To co w tym arcie jest napisane to jest po czesci prawda ale tez druga czesc to jest wina samych ludzi. Im dluzej swiat sie kreci tym mniej rozumiemy własne stany emocjonalne. Oraz coraz wieksza wygoda, wieksza ilosc czasu na nude, i zazwyczaj coraz wiekszy brak jakiegokolwiek rozwoju bo wmawia sie nam, ze rozwoj to tylko - wyzsze uczelni i stanowiska dyrektora.
Dlugi temat. Ale to powoduje, ze ludzie z byle "emocjonalnego czegos" robia katastrofe a nie MUSIELIBY.
Druga sprawa jest coraz większa swoboda, ktora dociera z zachodu. Przykladowo wezmy USA, tam bez mala codziennoscia staje sie, w wekeend jaranie ziola (co powoduje nastroje depresyjne lub niepokój) a poniedzialek ludzie ci biorą LEXAPRO aby zaczac DOBRZE tydzien

i to nie zarty, tam rzeczywiscie LEXAPRO czy PROZAC brany jest na wieksze doły.
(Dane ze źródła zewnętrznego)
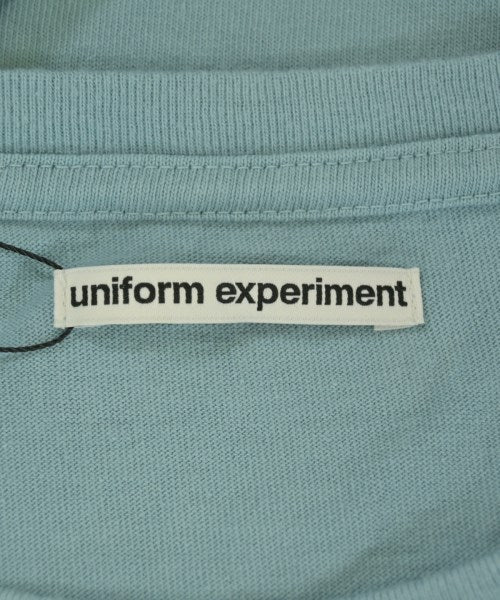 uniform experiment เสื้อยืด/เสื้อท็อปส์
Koncerny to wykorzystuja po prostu.
Natomiast całe rzesze kształconych studentów psychiatrii oraz psychologii odbiega od rozumienia swojej swiadomosci i emocji, a w zamian tego wolą produkowac i skupiać się na długich terapiach, a także lekach, ktore wcale w okolo sądze 70 % nie sa potrzebne osobą z lękami, nerwicami czy depresjami lękowymi. Bo można by to było zrobić inaczej, prościej - proście w sensie o wiele trwalszych efektów.
Ale to też ludzie by musieli chcieć, a teraz mało kto chce cierpieć dla sprawy, kazdy chce się czuć po prostu dobrze, wybierając droge szybka i ogólnie dostepną.
To są powiązane ze sobą kwestie, bardzo dyskusyjne. Ale nie jest to wina tylko koncernów czy mediów.